In the News This Week…
Conference of State Bank Supervisors sues OCC. An industry group representing all 50 state banking regulators filed suit against the federal agency in an effort to prevent it from issuing specialty national banking licenses to fintech firms. The Conference, which “has rarely gone to court against a federal regulator,” argues that the OCC is reaching beyond its jurisdiction and only has the authority to grant licenses to nonbanks that take deposits, reports the WSJ.
Apple may launch digital money-transfer service. Recode reports that Apple is rekindling its “on-again, off-again flirtation” with creating a Venmo-like payment service allowing iPhone users to send money digitally to other iPhone users. According to Recode’s sources, Apple has held discussions with industry partners and some expect the service to launch later this year.
Financial mapmaking helps firms and regulators spot crises. The WSJ profiles Kimmo Soramäki, a network specialist and founder of Financial Network Analytics, who is employing new modeling approaches to spot weaknesses in bank stress-testing and financial markets as part of “a growing area of research that is changing how regulators and banks manage financial risk.”
Robinhood raises $110 million. The four-year-old stock trading app, which does not take a commission on trades, now claims over two million monthly users. The latest funding round values the firm at $1.3 billion and includes existing investors NEA, Index Ventures, and Ribbit Capital.
Rep. Patrick McHenry opines on Project Catalyst. McHenry says the Consumer Financial Protection Bureau’s Project Catalyst, an initiative launched in 2012 to test new financial products and foster collaboration between the agency and fintech firms, is a “failed experiment.” He believes Project Catalyst requires more regulatory flexibility, and aims his sharpest criticism at the project’s no-action letter policy, which he says is “barely worth the paper it was written on.”

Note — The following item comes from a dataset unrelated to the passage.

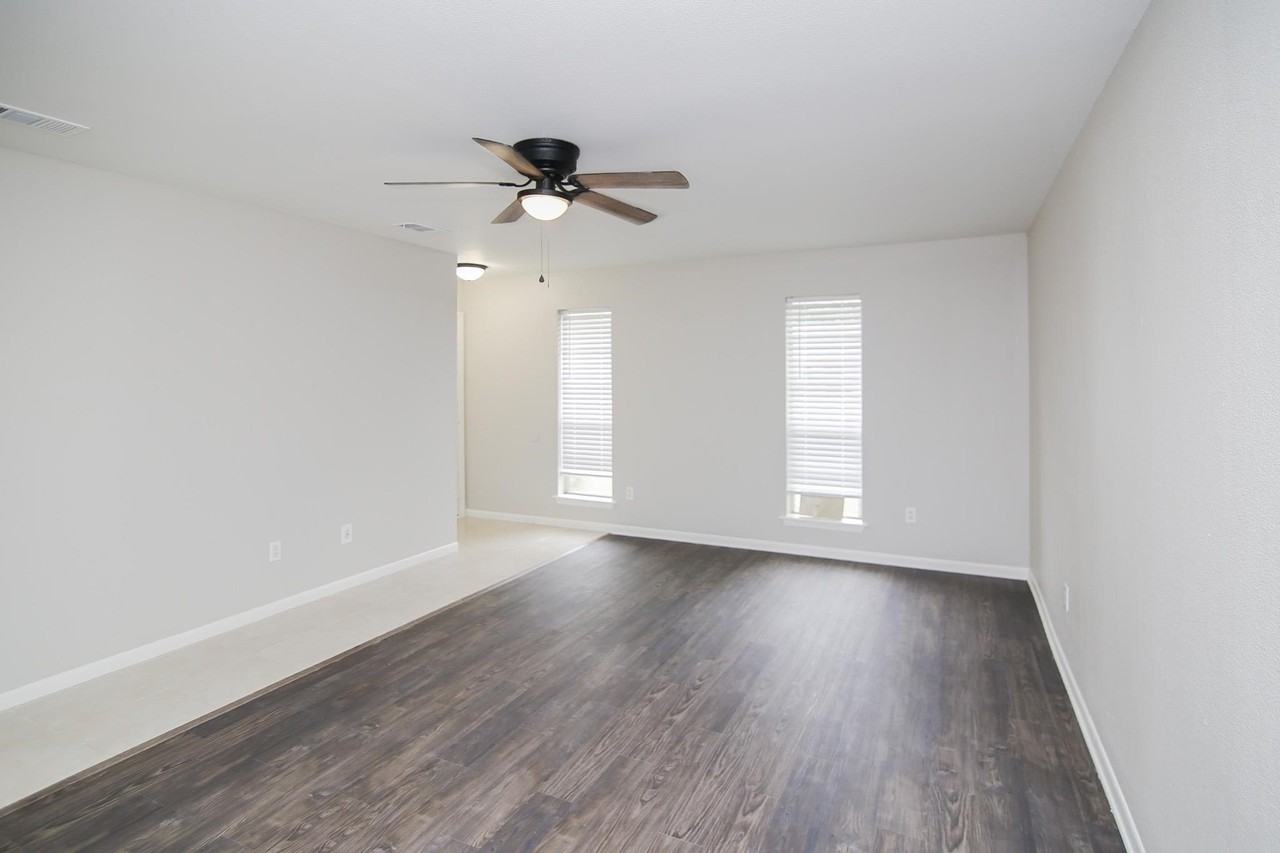 4A Harroun Ct - Photo 3 of 16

Fintech apps help financially stressed families. Mobile apps Even (income volatility), Digit (savings plans), and Prism (bill tracking) are employing new technology to help ease the financial burden on households of modest means. While these firms are benefiting from bank partnerships and venture backing, their widespread adoption is being hampered by the need for state-by-state regulatory approvals that are “costly and time-consuming.”
VC firms use predictive computing to improve decision-making. As Wall Street increasingly relies on algorithmic trading instead of human asset managers, venture capital firms are adopting a new computer-driven approach toward investing that “mirrors Wall Street’s recognition that computers do some things not only faster but also better than people when it comes to crunching gigantic sets of data.”

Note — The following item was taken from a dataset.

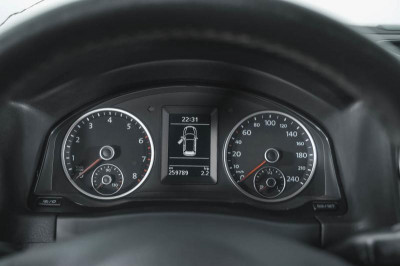 Volkswagen Tiguan 1.4 TSI BlueMotion MT (122 л. с.)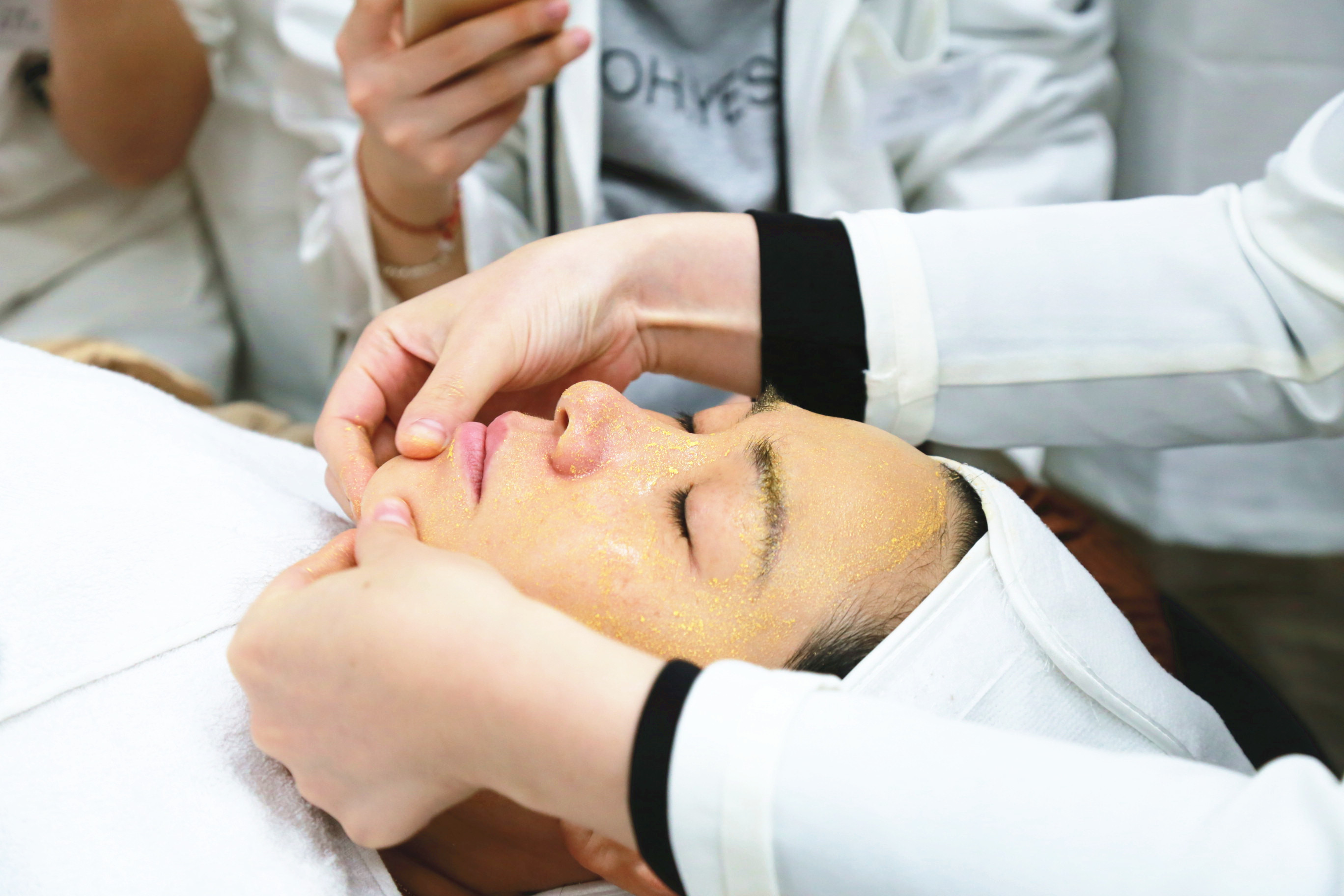 搶占先機！提前布局2024美業(yè)，一定要懂“她”經(jīng)濟！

SoFi faces pressure from rising short-term rates. The online lender, known for pioneering student debt consolidation, is facing shrinking interest-rate savings on student-loan refinancing as short-term rates have started to move higher. SoFi’s CEO Mike Cagney, who’s “been vocal about the limited time-span on this market,” has pushed the firm’s expansion into new loans and products.
JPMorgan exits R3 CEV blockchain group. Following in the footsteps of Goldman Sachs, Morgan Stanley, and Banco Santander, JPMorgan is the latest major bank to leave the consortium, which represents nearly 80 financial firms. R3 spokesperson Charley Cooper said JPMorgan is parting ways “to pursue a very distinct technology path which is at odds with the one chosen by [R3].”
Ant Financial partners with ofo on mobile payments. The Chinese payments firm behind Alipay and the Sesame Credit credit-rating system is investing an undisclosed amount into ofo, the world’s largest bike sharing platform. As part of the investment, Ant Financial will offer mobile and credit card payments services as well as strategic advice on ofo’s international expansion.
U.K’s FCA seeks regional fintech hubs. In a speech to the Leeds Digital Festival [full text], Christopher Woolard, the FCA’s Executive Director of Strategy and Competition, said they’re working to ensure that the “[fintech] phenomenon can spread far beyond London” by offering regulatory services to fintech firms in Leeds, Manchester, Edinburgh, and Glasgow.